I have been dating this awesome guy for a few months and recently we have decided to make it official. He possesses all the qualities I could wish for in a mate. I am recently divorced and have shared with him that I am not ready to start having sex.
So, last weekend I was invited to his dad’s birthday cookout at his parents’. We were having a great time and I was meeting a lot of his family and friends. My man and I ended up falling asleep on the couch. There had been a lot of drinking going on. I don’t drink, but was just super tired. Anywho, I felt myself being lifted up and placed on another couch. I didn’t bother to open my eyes because I thought it was my man trying to make me comfortable. Then I felt groping and sloppy kisses all over my neck and chest. I wiped the crust out my eyes to see his DADDY IN FULL DRUNKEN ACTION!!! I kicked and pushed him off of me, jumped up and woke my man up. I was screaming and told him what his dad had done. So, my man (still drunk) starts swinging on his dad. By now, his mom wakes up and is trying to break up the fight. I’m collecting my things and looking for my keys to get the heck out of there. I’m crying and make it to my car. My man comes running after me asking if I’m OK and begging me to stay. I jump in and drive off.

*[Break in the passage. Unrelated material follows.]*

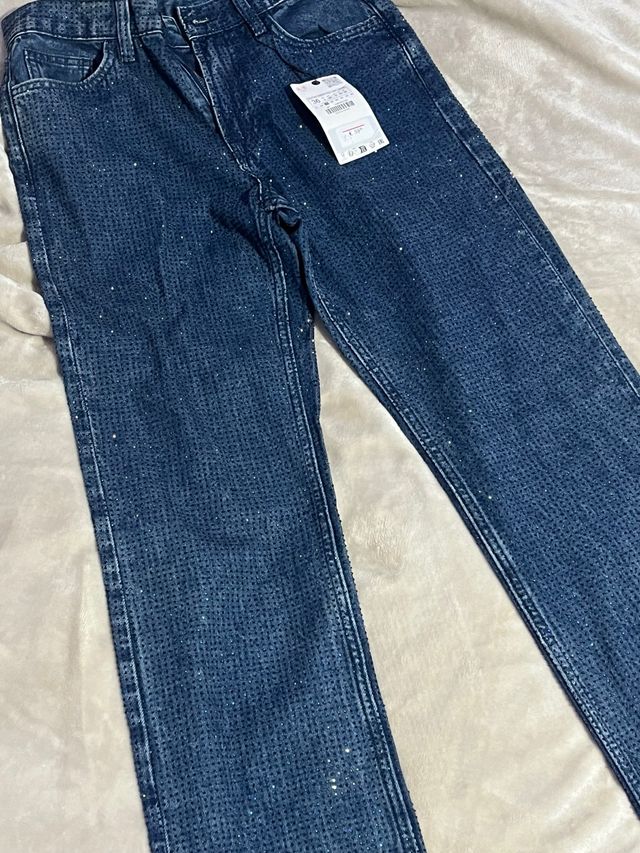 Pantalón vaquero Zara con brillos Talla S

He has been calling me ever since that incident, but I just can’t talk to him. He’s shown up to my place twice and I don’t answer the door. I get at least 3 emails a day asking me to call him. I’m confused. I mean what am I supposed to say? How am I supposed to continue this relationship after that incident? Damn, why can’t his daddy be normal?!?! My man does have his own place, but he comes from a really close family. On a side note: ever since being introduced to his dad I’ve noticed that he gives me a certain look. I thought all along it was the, “Son, you picked a good one” look not the, “Damn, I wanna hit that” look. I haven’t told anyone about this incident because it’s so embarrassing! Help! – Caught Up In Some -ish!
Dear Ms. Caught Up In Some –ish!
Ba-by! Daddy was trying to get his freak on. LOL! Sorry, but, the way you described that scene I can only imagine the fracas happening in that house and in that living room.

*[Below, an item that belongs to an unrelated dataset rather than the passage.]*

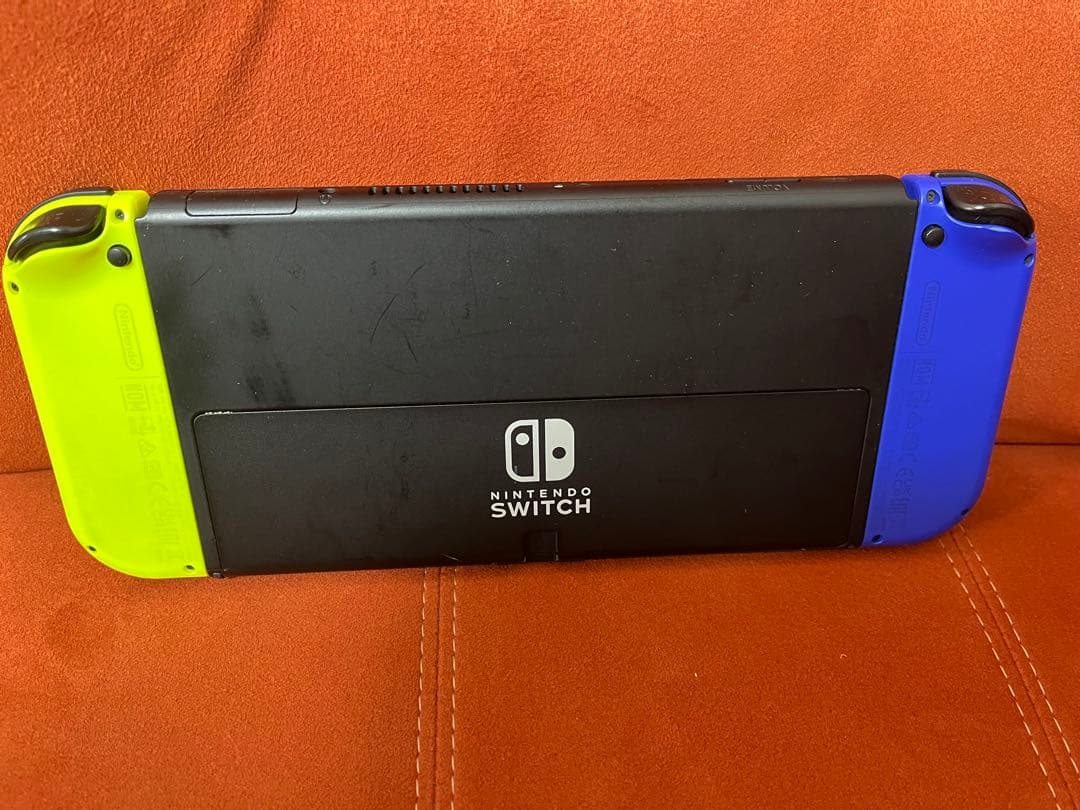 ①Nintendo Switch 青/黄Joy-Con 本体　中古使用品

Here’s the thing: I do understand how you feel. I’m sorry you had to experience that. It’s traumatizing to wake up to some man groping and fondling you, especially your man’s own dad. Damn! Daddy is gangsta! LMBAO! Sorry, chile. But, basically what your boyfriend’s dad did to you is considered attempted rape. He should be thankful that you didn’t press charges and have his ass arrested. Chile, I would have called the cops and had his ass hauled off to jail. I would have fixed his old horny ass. There is no sex in the champagne room, and there is definitely no touching and getting close to the dancers. No ma’am! LOL! He definitely wouldn’t have gotten away with it.
However, I don’t think you should take it out on your boyfriend. He did wake up and start swinging on daddy once you told him what happened. He didn’t try to come to his dad’s defense, and he didn’t accuse you of lying on his dad. Which makes me wonder that this probably has happened before in the past. There are some secrets in that family and daddy has a history of trying to push up on his son’s girlfriends. That’s what I’m gathering, and it’s a family secret that they’ve swept under the rug repeatedly.

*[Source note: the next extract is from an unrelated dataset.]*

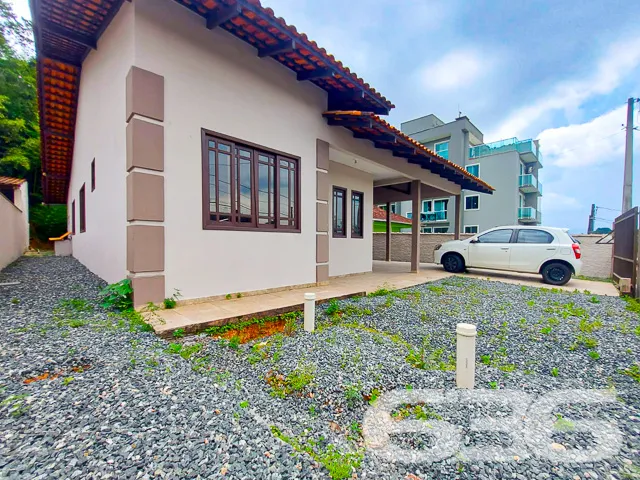 BAIRRO BOEHMERWALD â CASA COM SUĂTE + 2 QUARTOS E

I say you should have a conversation with your boyfriend. Let him explain and allow him to offer his apologies. He obviously feels bad about what happened, and he truly respects you because he’s making viable attempts to communicate with you and check in on you. If he didn’t care and he wasn’t showing any interest in reconciling with you, then I would have suggested that you moved on. But, that’s not the case.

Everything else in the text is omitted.